# [Work to complete]
In the entries below, count each line where "river" appears. Give the total and nothing more.

Stored entries
== Segment start ==
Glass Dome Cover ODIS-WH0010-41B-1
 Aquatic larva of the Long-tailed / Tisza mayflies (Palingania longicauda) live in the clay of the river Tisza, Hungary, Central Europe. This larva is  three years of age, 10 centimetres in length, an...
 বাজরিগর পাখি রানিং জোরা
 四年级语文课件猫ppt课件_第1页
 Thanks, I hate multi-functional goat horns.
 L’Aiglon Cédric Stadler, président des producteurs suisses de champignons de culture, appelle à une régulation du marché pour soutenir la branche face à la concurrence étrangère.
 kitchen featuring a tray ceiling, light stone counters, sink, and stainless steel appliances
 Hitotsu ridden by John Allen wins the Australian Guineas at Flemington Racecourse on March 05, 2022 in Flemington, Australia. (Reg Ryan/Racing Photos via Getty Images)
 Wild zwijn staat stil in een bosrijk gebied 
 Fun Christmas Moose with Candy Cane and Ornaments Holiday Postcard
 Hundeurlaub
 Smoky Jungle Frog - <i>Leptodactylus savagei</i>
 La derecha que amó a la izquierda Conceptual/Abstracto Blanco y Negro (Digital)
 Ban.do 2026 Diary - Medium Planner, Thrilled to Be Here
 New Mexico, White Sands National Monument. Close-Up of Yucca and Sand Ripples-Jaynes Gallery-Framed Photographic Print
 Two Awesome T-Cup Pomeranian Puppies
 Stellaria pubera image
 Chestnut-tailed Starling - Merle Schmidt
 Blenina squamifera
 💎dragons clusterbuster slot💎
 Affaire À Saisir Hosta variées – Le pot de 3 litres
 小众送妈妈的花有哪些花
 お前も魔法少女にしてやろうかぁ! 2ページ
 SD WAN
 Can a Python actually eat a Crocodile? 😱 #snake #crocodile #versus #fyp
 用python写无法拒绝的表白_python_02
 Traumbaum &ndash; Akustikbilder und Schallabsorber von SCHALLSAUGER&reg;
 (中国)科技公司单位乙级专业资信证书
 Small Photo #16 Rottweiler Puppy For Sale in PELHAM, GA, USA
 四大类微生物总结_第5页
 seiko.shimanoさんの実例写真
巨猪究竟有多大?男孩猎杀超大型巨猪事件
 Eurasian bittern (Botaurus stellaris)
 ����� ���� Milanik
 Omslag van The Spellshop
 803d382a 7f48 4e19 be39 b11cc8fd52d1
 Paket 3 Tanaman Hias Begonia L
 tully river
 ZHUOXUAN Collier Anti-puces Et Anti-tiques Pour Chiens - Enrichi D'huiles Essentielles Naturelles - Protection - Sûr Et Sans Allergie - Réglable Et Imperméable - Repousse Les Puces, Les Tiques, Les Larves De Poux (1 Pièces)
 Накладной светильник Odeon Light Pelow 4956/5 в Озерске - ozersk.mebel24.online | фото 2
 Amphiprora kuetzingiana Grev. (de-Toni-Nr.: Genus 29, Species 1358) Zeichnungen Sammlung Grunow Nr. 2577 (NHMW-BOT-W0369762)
== Segment end ==
# [Answer to the problem]
2